Ungeduldig half Marthe der Witwe hoch und bedrängte sie mit Fragen. Das Kind kam nicht nur früher als erwartet. Wie Marthe nun bestürzt hörte, lag Bertha schon den dritten Tag in den Wehen.
»Warum habt ihr mich nicht eher geholt?«, fragte sie fassungslos. Wenn das Kind immer noch nicht auf der Welt war, stimmte etwas nicht bei dieser Geburt. Doch nach drei Tagen voller Schmerzen war die Kreißende wahrscheinlich so schwach, dass es fraglich war, ob überhaupt noch jemand etwas für sie tun konnte.
»Wir haben es nicht gewagt, Euch damit zu behelligen, Herrin«, antwortete die Alte und wischte sich mit dem schmutzigen Ärmel Tränen vom verschmierten Gesicht. »Unsere Kate ist zu armselig … Und in der Nacht hätte keiner jemanden wie mich in die Stadt eingelassen …«
Am liebsten hätte Marthe aufgeschrien. »Habe ich jemals einen Kranken oder eine Gebärende im Stich gelassen?«, fuhr sie die Frau an.
Selbst wer die frühen Tage von Christiansdorf nicht miterlebt hatte, musste wissen, dass sie einst zu den Ärmsten gehörte und ihre Arbeit als Wehmutter und Heilerin auch tat, wenn die Hilfesuchenden sie nicht bezahlen konnten.
»Der Vater hat’s verboten«, gestand Elfrieda unter Marthes strengem Blick und bekreuzigte sich. »Weil sie eine Sünderin ist … Aber ich hab es nicht mehr ausgehalten, zuzusehen, wie das Mädchen verreckt, und hab so lange gebettelt, bis ich Euch holen durfte. Schlimm genug, was meiner Nichte widerfahren ist.«
Das dachte auch Marthe, während sie die Hände zu Fäusten ballte. Nun wurde Bertha noch einmal bestraft, zusätzlich zu der Gewalttat, und würde am Ende vielleicht sterben.

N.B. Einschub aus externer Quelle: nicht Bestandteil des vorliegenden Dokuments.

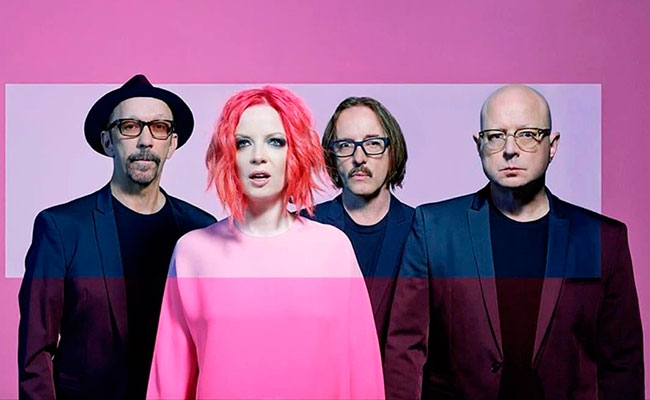Ширли Мэнсон в составе группы Garbage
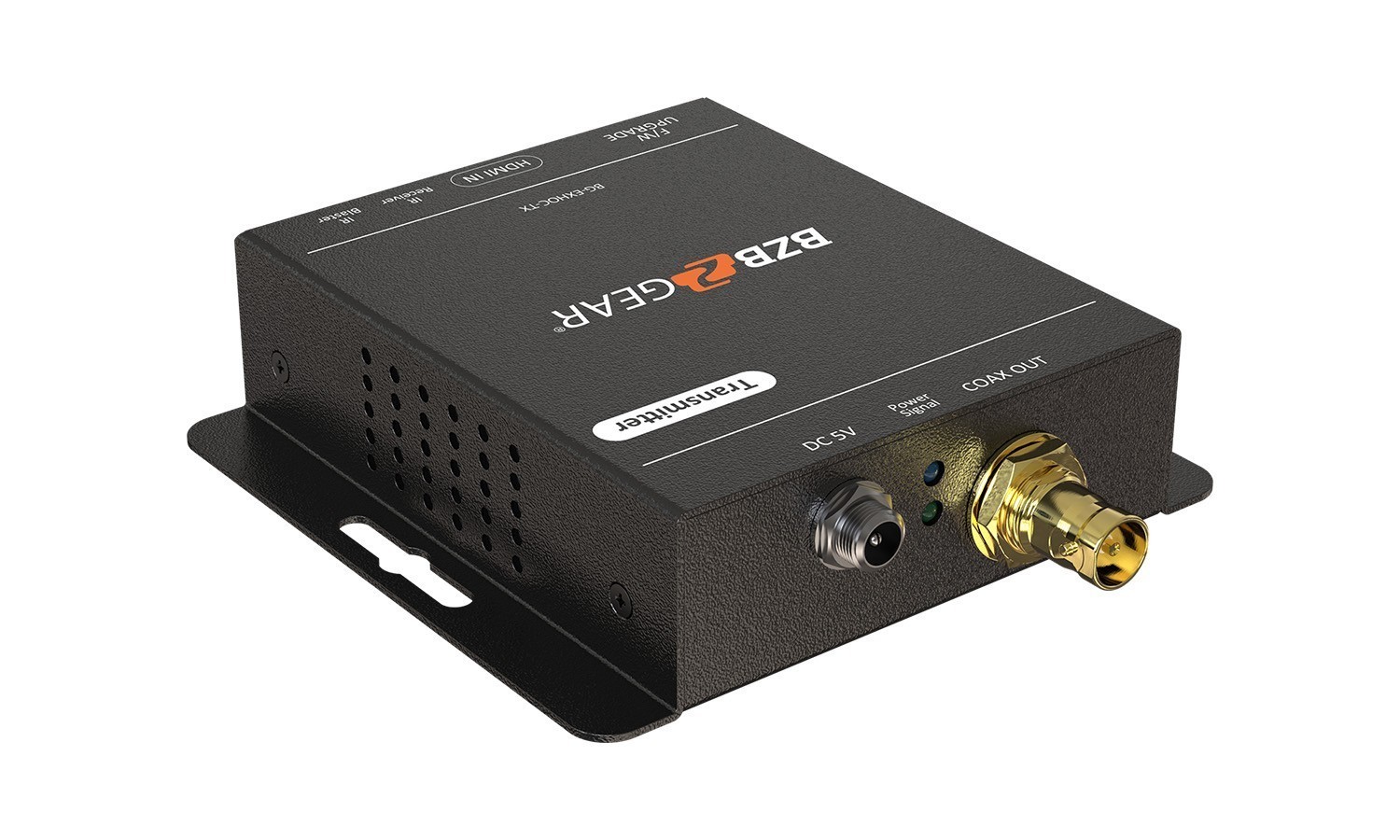 BZBGEAR BG-EXHOC 4K UHD HDMI Extender Over Single Coax Cable with Bi-directional IR - Image 3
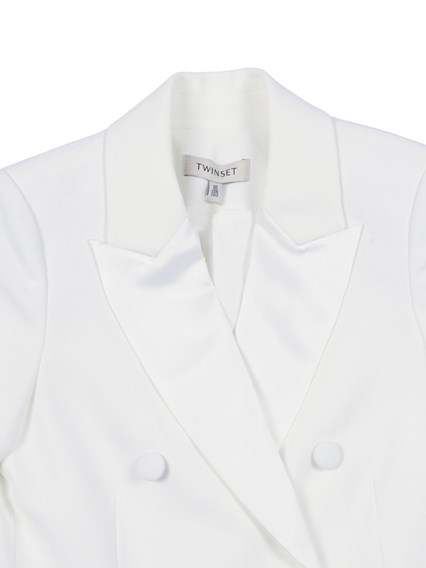 TWIN SET Girl CREPE BLAZER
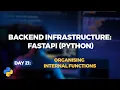 Day 21 Why You Need operations py in Your FastAPI Project Code Structure Hack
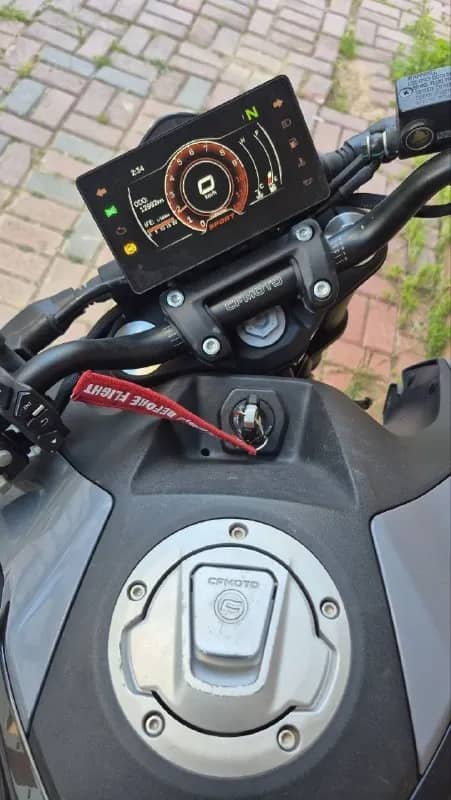 CF NK250cc 2023 модель — Анталия — 80 000 ₺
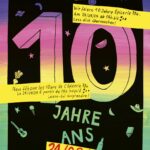10 Jahre Jubiläum ･ Épicerie 79a ･ jubilé 10 ans Flyer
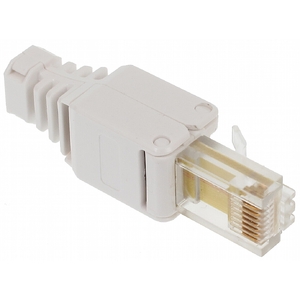 Коннектор RJ45 Modular Plug, Cat.6, Toolless type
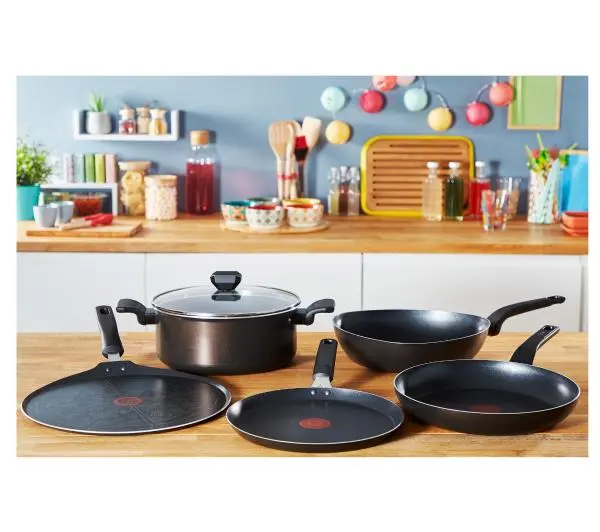 Tefal Simple Cook B5560753 Tytanowa 30cm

Mit einem Blick verabschiedete sich Marthe von Lukas, der die Witwe immer noch misstrauisch anschaute, als könnte seiner Frau von ihr Gefahr drohen.
Unter Peters Führung hasteten sie in der Kühle des Maimorgens durch die fast menschenleeren Gassen, passierten das Stadttor und betraten die Siedlung der Bergleute.
Die »Sächsstadt« lag vor den Toren Freibergs auf einer Anhöhe, die von Gruben durchzogen war. Zwischen Huthäusern, Haspeln und Scheidebänken standen die Katen der Häuer, meist schief und niedrig, mit einem winzigen Gärtchen und da und dort einer Ziege vor dem Haus.
Aus der kleinen hölzernen Kirche kam ihnen eine Gruppe Bergleute entgegen, die vor dem Einfahren um Gottes Beistand bei ihrer gefährlichen Arbeit gebetet hatten.
An den Scheidebänken waren Frauen und Kinder schon dabei, das Erz zu zertrümmern, damit es in den Schmelzhütten verarbeitet werden konnte. Müde und frierend hämmerten sie und schauten kaum hoch, als die kleine Gruppe an ihnen vorbeilief.
Die Alte führte sie in eine windschiefe Hütte ganz am Rande der Siedlung. Zwar waren einige Bergleute in Freiberg zu Reichtum gekommen, aber diese Familie litt Not, weil der Hausvater in einer Grube arbeitete, die kaum das Nötigste zum Leben abwarf, nachdem die ersten, ergiebigen Gänge abgebaut worden waren.
Vor dem löchrigen Zaun aus Weidengeflecht, der das Haus umgab, hockten zwei Kinder, die noch zu klein waren, um an den Scheidebänken oder in den Gruben zu arbeiten.
Das ältere von ihnen – vielleicht fünf – sah auf und wischte sich die triefende Nase am Ärmel ab. »Unsere Schwester ist tot«, schniefte er. »Pater Sebastian ist bei ihr, aber er sagt, sie muss in die Hölle …«
Marthe zuckte zusammen. Kam sie zu spät?
Und hatte etwa nicht Berthas Vater, sondern der Pater verboten, sie zu Hilfe zu rufen? Bertha zum Tode
und
zu ewiger Verdammnis verurteilt? Dann war er noch grausamer, als sie je gedacht hatte.
Am liebsten wäre sie sofort umgekehrt. Doch zuerst musste sie nachsehen, ob sie hier wirklich nichts mehr ausrichten konnte.
Trotz ihrer zierlichen Gestalt musste sie sich ducken, um durch die niedrige Tür zu treten. Noch bevor sich ihre Augen an die Dunkelheit im Innern gewöhnt hatten, sagte ihr ein allzu bekannter säuerlicher Geruch, wer sie hier am Lager der Kreißenden erwartete.